++++ Data provided ++++

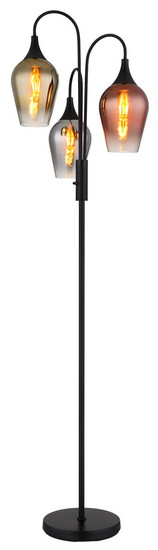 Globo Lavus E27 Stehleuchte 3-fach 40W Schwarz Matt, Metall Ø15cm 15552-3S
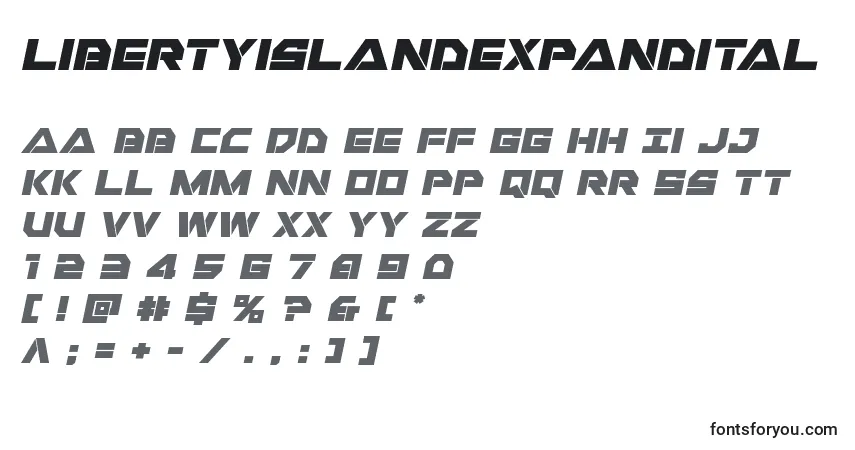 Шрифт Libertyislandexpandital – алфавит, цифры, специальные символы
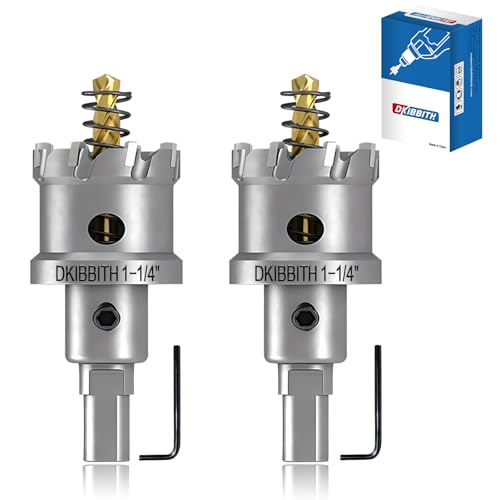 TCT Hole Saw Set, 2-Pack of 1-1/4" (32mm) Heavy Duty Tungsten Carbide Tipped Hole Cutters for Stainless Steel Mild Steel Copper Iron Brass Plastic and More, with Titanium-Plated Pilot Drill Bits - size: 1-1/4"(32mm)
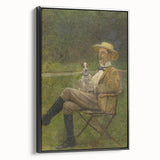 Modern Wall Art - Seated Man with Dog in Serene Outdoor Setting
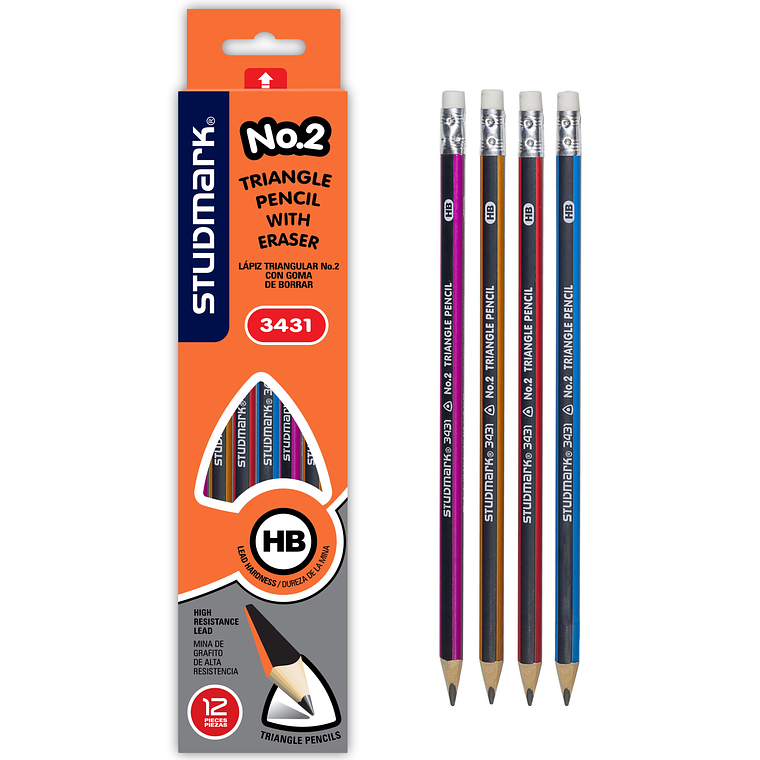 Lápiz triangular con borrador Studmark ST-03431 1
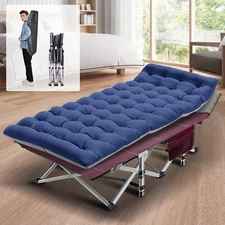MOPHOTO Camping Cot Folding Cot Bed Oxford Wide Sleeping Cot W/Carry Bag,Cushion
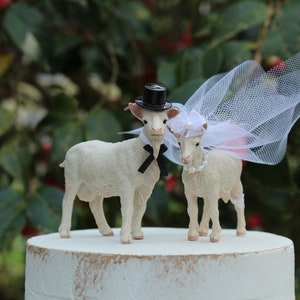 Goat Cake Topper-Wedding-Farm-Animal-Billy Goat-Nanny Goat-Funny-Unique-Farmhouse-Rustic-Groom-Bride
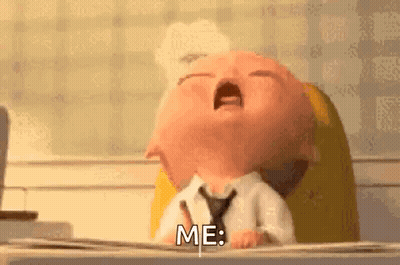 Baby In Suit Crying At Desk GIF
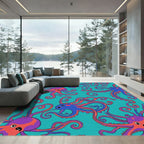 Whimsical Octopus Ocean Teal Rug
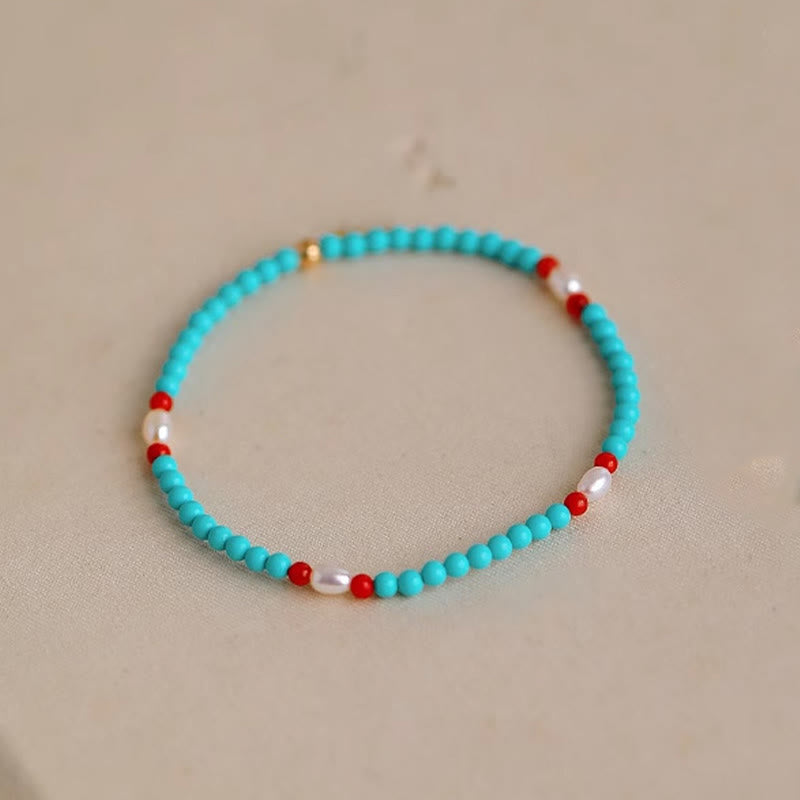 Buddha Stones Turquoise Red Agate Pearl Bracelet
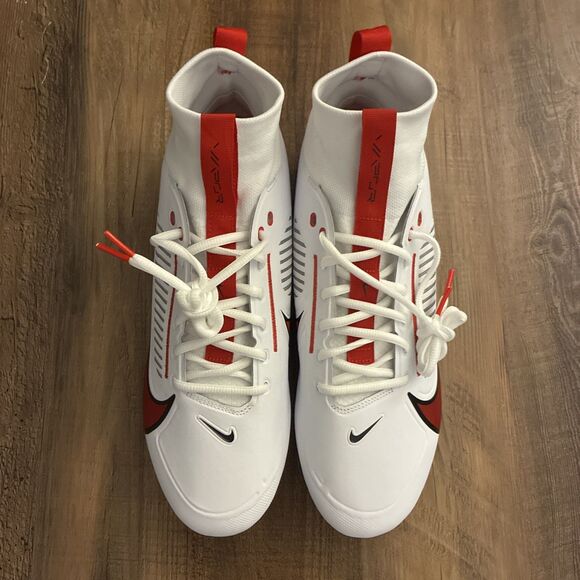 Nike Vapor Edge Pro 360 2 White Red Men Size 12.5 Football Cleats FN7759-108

++++

Task.
Every line above is to be returned exactly, with its pictures removed.

Result.
 Globo Lavus E27 Stehleuchte 3-fach 40W Schwarz Matt, Metall Ø15cm 15552-3S
 Шрифт Libertyislandexpandital – алфавит, цифры, специальные символы
 TCT Hole Saw Set, 2-Pack of 1-1/4" (32mm) Heavy Duty Tungsten Carbide Tipped Hole Cutters for Stainless Steel Mild Steel Copper Iron Brass Plastic and More, with Titanium-Plated Pilot Drill Bits - size: 1-1/4"(32mm)
 Modern Wall Art - Seated Man with Dog in Serene Outdoor Setting
 Lápiz triangular con borrador Studmark ST-03431 1
MOPHOTO Camping Cot Folding Cot Bed Oxford Wide Sleeping Cot W/Carry Bag,Cushion
 Goat Cake Topper-Wedding-Farm-Animal-Billy Goat-Nanny Goat-Funny-Unique-Farmhouse-Rustic-Groom-Bride
 Baby In Suit Crying At Desk GIF
 Whimsical Octopus Ocean Teal Rug
 Buddha Stones Turquoise Red Agate Pearl Bracelet
 Nike Vapor Edge Pro 360 2 White Red Men Size 12.5 Football Cleats FN7759-108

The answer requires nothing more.